Lochie's BPES Journey

Lochlyn Italiano was born 4 weeks early on the 13th of May 2022 to second-time parents Anthony & Chelsea Italiano. Weighing just 2685 grams their little man needed to stay in the neonatal ward for a couple of days. It was then the nurses were concerned that he had not opened his eyes. They met with the Paediatrician who mentioned that something wasn’t quite right.

An ultrasound and an MRI were scheduled to measure the eyes. The results proved that his eye fishers were not the correct size. They were referred to see a paediatric obstetrician specialist who confirmed it was Blepharophimosis, Ptosis and Epicanthus Inversus Syndrome (BPES) a very rare developmental condition affecting the eyelids.

Research mentions FOXL2 is the only gene known to cause BPES. This gene controls the production of the FOXL2 protein, which is involved in the development of the muscles in the eyelid as well as ovarian development in females. Mutations of this gene create four major features that are characteristic symptoms of BPES and present at birth: narrowing of the eye-opening (blepharophimosis), droopy eyelids (ptosis), formation of an upward fold of the inner lower eyelid (epicanthus inversus) and an increased distance between the eyes (telecanthus).

Due to Covid-19 the urgency to schedule an oculoplastic surgeon appointment and also genetic testing was delayed and with wait times of 6 - 12 months. After 7 months they finally met with an oculoplastic surgeon here in Perth who explained Lochie’s case is very severe as he can only open his eyelids a few millimetres. Regular obstetrics appointments are required to check his range of vision. If not corrected with surgery asap it will result in a reduction of vision (blindness) as well as spinal problems from having to lift his head and arching his back to be able to see.

With BPES being a rare syndrome there is minimal support and information available. Parents Anthony and Chelsea extensively researched surgical options here in Australia with only a handful of surgeons responding that they were willing to operate on a baby of his age (7mo), however, they would only use the silicone sling technique where a piece of elastic silicone is inserted behind the skin and held just above the eyebrow to correct the lack of muscle in the eyelid. Unfortunately, this requires a minimum of 4 surgeries before the age of 4 to complete, but again no sense of urgency even with the recommendations.

Seeking help from a worldwide social media support group they received information about a surgeon in Spain, Dr Medel who has vast experience worldwide using the frontalis flap technique where existing muscles and tendons are fused together for the eyelid to learn to operate on its own naturally. He has recently performed two surgeries on children of similar age and with the same severity with amazing results.
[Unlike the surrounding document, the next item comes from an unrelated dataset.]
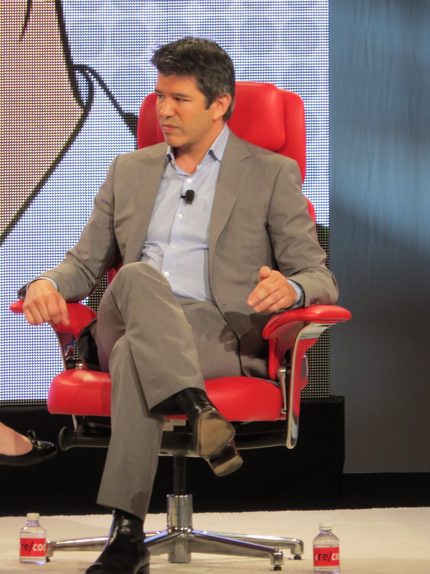 Super Pumped The Battle for Uber Super Pumped The Battle for Uber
As Lochie’s case is severe he will also require additional epicanthus and telecanthus bilateral surgery but both can be performed at the same time. The results they have seen speak for themselves and leave no doubt in their minds that it is the best option for Lochie. They are truly amazing with minimal scarring and a fast recovery time of only 3-4 days before travel.

They are hoping to schedule the surgery for September 2023 when he will be 16 months old. They have been advised he requires the surgery before he is 18 months and potentially another surgery to maintain/tweak as the face grows before the age of 4. With Covid-19 raising the prices of travel and accommodation with your help we are hoping to raise a minimum of $100,000 AUD to cover the costs for the family to travel and his ongoing surgeries/care. Although there are surgical options here within Australia the frontalis flap technique is the best option for Lochie as he will only require one surgery until he is an adolescent/adult.

Words cannot express how much they want to see their son's eyes open for the first time and have him see them with a full range of vision and the world around him. Not only for him to see but look normal and without the syndromic features.

It would mean the absolute world to parents Anthony and Chelsea if you would be able to share amongst your friends, family and community to help their family reach Lochie’s surgery goals and to also raise awareness of this rare condition.